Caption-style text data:

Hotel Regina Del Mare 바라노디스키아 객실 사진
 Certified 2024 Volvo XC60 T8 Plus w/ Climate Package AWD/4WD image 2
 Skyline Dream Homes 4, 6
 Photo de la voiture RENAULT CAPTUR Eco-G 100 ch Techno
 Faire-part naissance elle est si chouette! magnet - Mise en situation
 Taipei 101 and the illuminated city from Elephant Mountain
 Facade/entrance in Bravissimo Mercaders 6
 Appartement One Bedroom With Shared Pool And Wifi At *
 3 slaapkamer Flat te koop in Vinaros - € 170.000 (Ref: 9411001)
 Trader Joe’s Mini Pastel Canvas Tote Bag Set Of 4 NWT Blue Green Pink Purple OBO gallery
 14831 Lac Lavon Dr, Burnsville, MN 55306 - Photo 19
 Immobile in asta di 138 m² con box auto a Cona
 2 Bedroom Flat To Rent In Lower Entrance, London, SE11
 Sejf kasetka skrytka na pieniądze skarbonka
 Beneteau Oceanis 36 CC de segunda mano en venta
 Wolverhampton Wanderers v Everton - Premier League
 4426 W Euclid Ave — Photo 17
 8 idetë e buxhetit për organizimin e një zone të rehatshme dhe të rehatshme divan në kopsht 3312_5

▶ **Aim of the exercise**:
Retype exactly the line with "14831 Lac Lavon" and each line after it until the records end, and include no other line.

▶ **Response**:
 14831 Lac Lavon Dr, Burnsville, MN 55306 - Photo 19
 Immobile in asta di 138 m² con box auto a Cona
 2 Bedroom Flat To Rent In Lower Entrance, London, SE11
 Sejf kasetka skrytka na pieniądze skarbonka
 Beneteau Oceanis 36 CC de segunda mano en venta
 Wolverhampton Wanderers v Everton - Premier League
 4426 W Euclid Ave — Photo 17
 8 idetë e buxhetit për organizimin e një zone të rehatshme dhe të rehatshme divan në kopsht 3312_5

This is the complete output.